Accounts Receivable

The money for goods and services a company has delivered or used by customers but has not yet paid for

Author: Zihang Tang
Zihang Tang
Zihang Tang
My name is Zihang Tang. I'm a senior student at NYU majoring in Economics and minoring in Business Studies.
Reviewed By: Manu Lakshmanan
Manu Lakshmanan
Manu Lakshmanan
Management Consulting | Strategy & Operations

Prior to accepting a position as the Director of Operations Strategy at DJO Global, Manu was a management consultant with McKinsey & Company in Houston. He served clients, including presenting directly to C-level executives, in digital, strategy, M&A, and operations projects.

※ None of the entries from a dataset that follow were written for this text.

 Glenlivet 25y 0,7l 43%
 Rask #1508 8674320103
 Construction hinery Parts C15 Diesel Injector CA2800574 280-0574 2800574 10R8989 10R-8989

Manu holds a PHD in Biomedical Engineering from Duke University and a BA in Physics from Cornell University.

Last Updated:January 17, 2024

What Are Accounts Receivable (AR)?

Accounts Receivable (AR) is the money for goods and services a company has delivered or used by customers but has not yet paid for. It is a current asset listed on the balance sheet, representing the amount for goods and services delivered but not yet paid for by customers.

It is created when customers buy goods and services on credit, which requires payment within a short period. If a company has receivables, it has made a sale on credit but has yet to collect the money from the purchaser. 

When an organization extends credit to the client, it allows a period for the clients to pay the sum after the deal is acknowledged. The time span could differ from 30 days to a couple of months.

Accounts Receivable are considered liquid assets because they can be used as collateral to secure loans, help meet short-term debt, and are part of the company's working capital.

Key Takeaways

  • Accounts Receivable (AR) represents money for goods and services a company has delivered but not yet received payment for. It is a current asset on the balance sheet created when customers buy on credit.
  • Understanding AR is crucial for investment banking, equity research, and accounting professionals. It plays a key role in analyzing the cash conversion cycle and a company's cash flow.
  • AR is essential for business analysis, but growing receivables without timely payments can strain finances. Risks include bad debt and cash flow deficiencies, emphasizing the importance of managing receivables effectively.
  • To improve AR, businesses can offer discounts, impose penalties for late payments, use collection services, and establish a line of credit to address cash flow needs.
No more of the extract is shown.